WHAT IS BEING ASKED
In the records below, find the line that contains "GA license plate CBS4026" and the line that contains "Woman Disposing Waste with Bubbles"; write out exactly those two lines and everything between them, without the pictures.

***

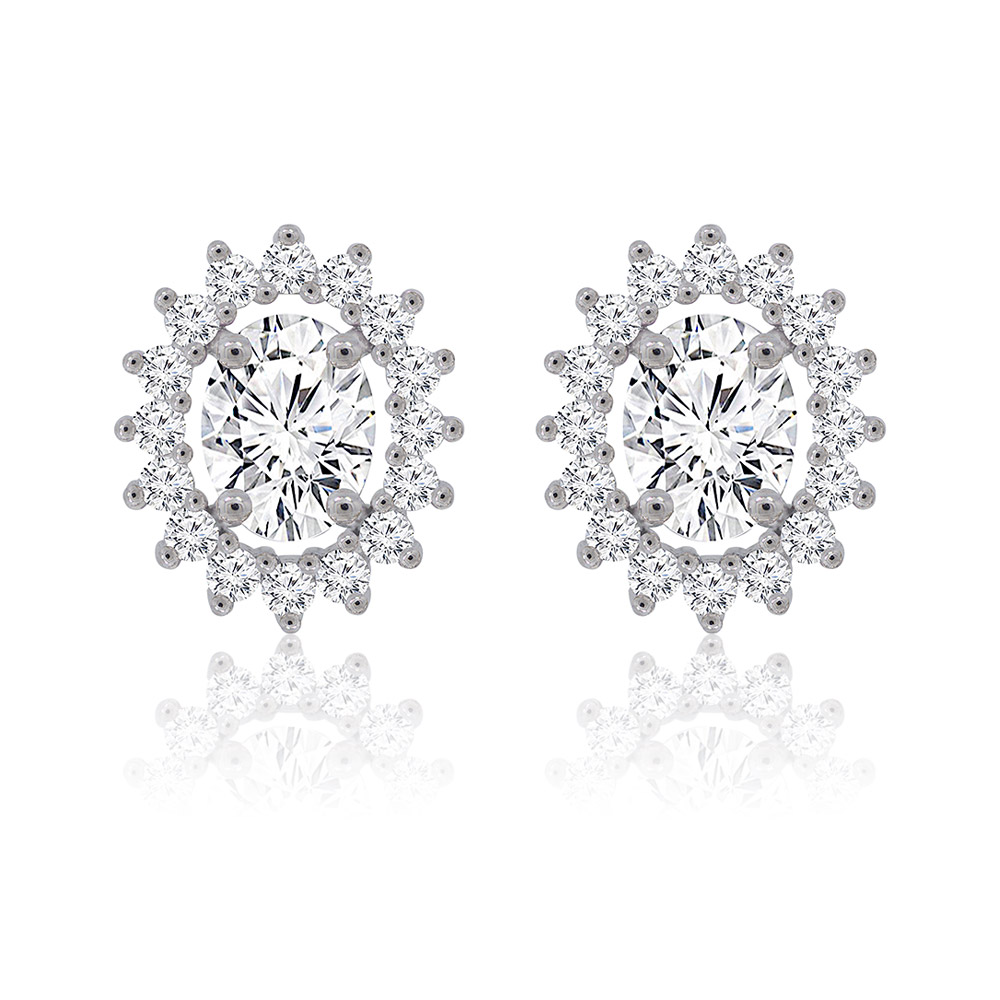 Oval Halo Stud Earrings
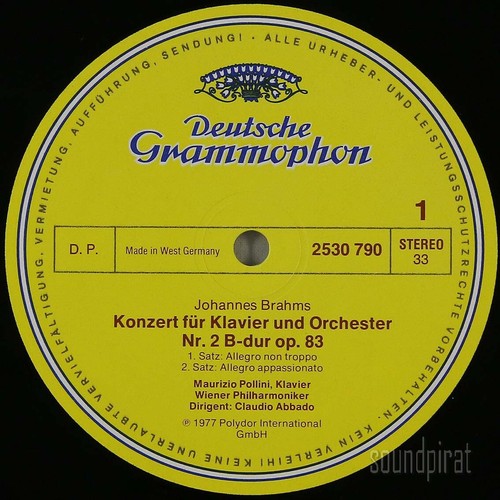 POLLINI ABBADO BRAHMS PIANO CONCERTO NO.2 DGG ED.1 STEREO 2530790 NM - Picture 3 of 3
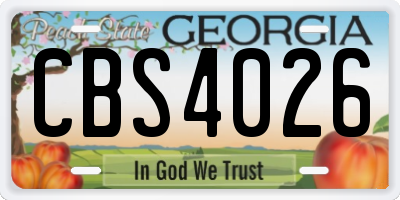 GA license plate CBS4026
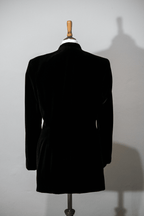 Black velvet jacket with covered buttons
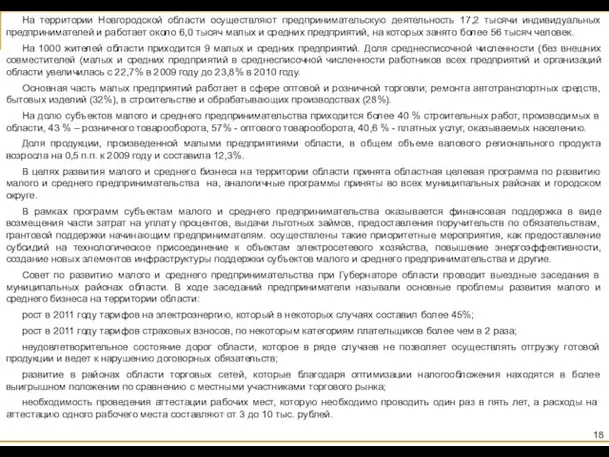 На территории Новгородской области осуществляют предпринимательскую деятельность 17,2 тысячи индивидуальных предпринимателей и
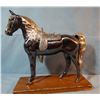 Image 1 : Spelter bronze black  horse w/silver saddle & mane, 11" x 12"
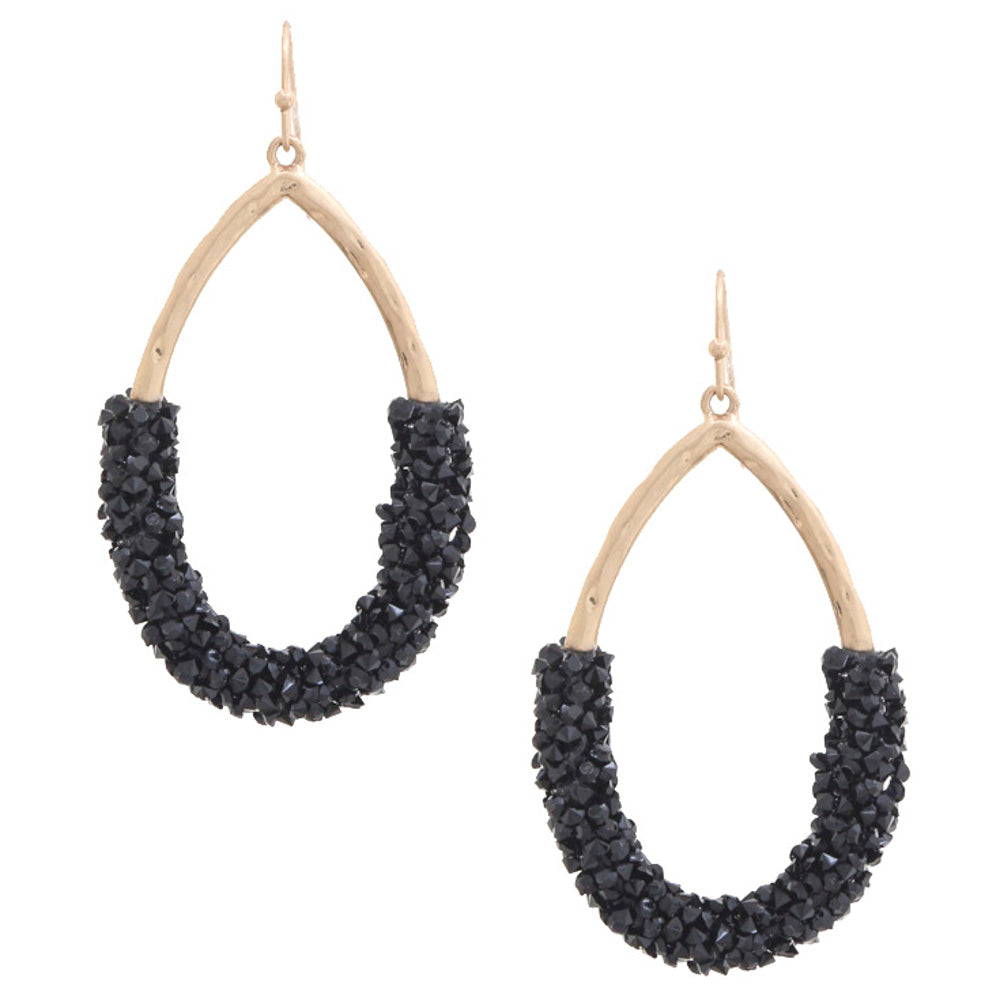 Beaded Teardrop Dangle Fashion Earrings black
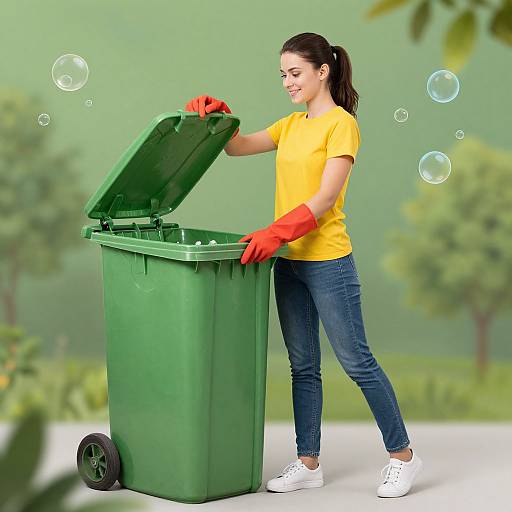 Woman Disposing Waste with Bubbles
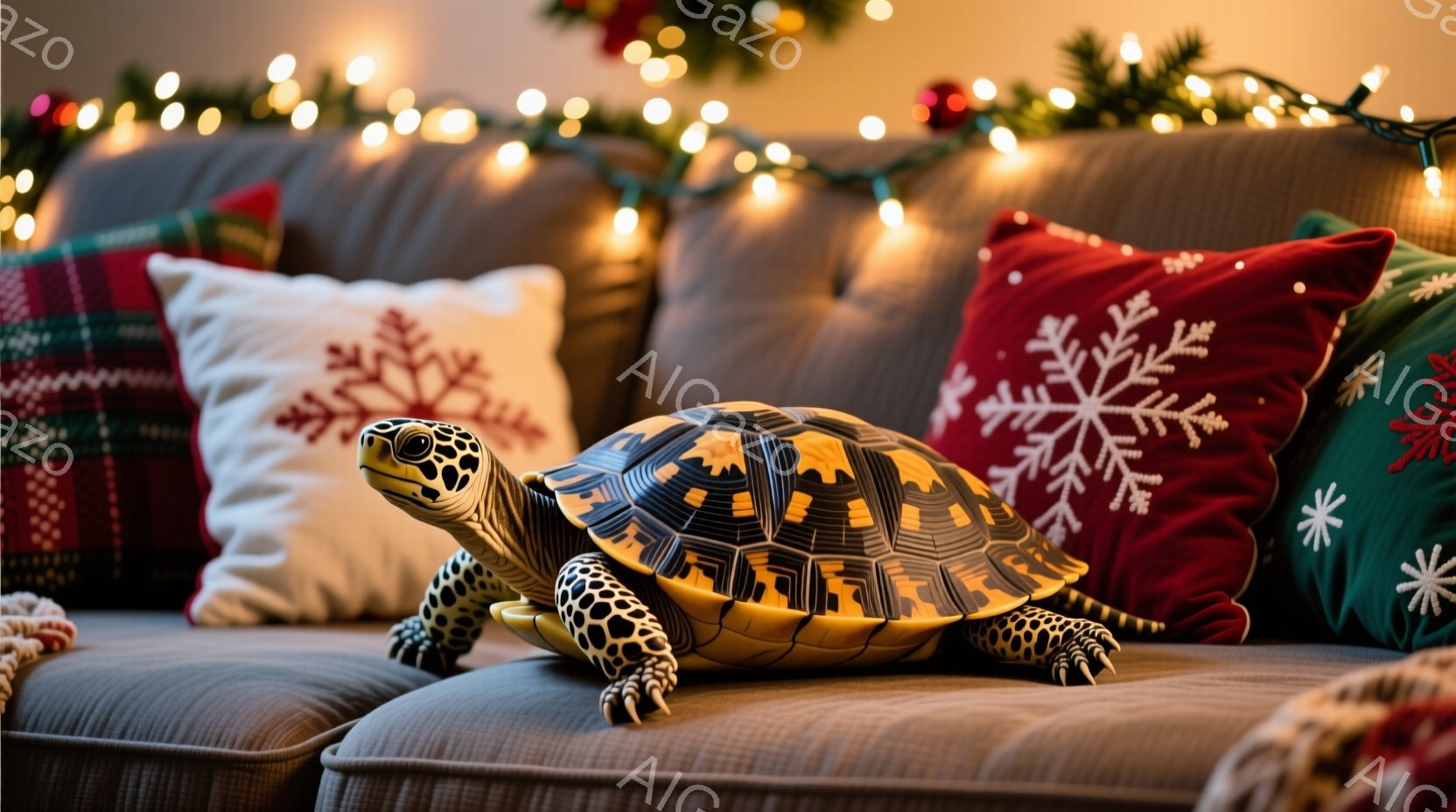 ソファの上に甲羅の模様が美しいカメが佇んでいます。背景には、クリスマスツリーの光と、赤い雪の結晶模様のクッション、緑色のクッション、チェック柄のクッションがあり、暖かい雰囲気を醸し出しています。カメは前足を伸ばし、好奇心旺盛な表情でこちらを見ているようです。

***

OUTPUT FOR THIS TASK
 GA license plate CBS4026
 Black velvet jacket with covered buttons
 На территории Новгородской области осуществляют предпринимательскую деятельность 17,2 тысячи индивидуальных предпринимателей и
 Image 1 : Spelter bronze black  horse w/silver saddle & mane, 11" x 12"
 Beaded Teardrop Dangle Fashion Earrings black
 Woman Disposing Waste with Bubbles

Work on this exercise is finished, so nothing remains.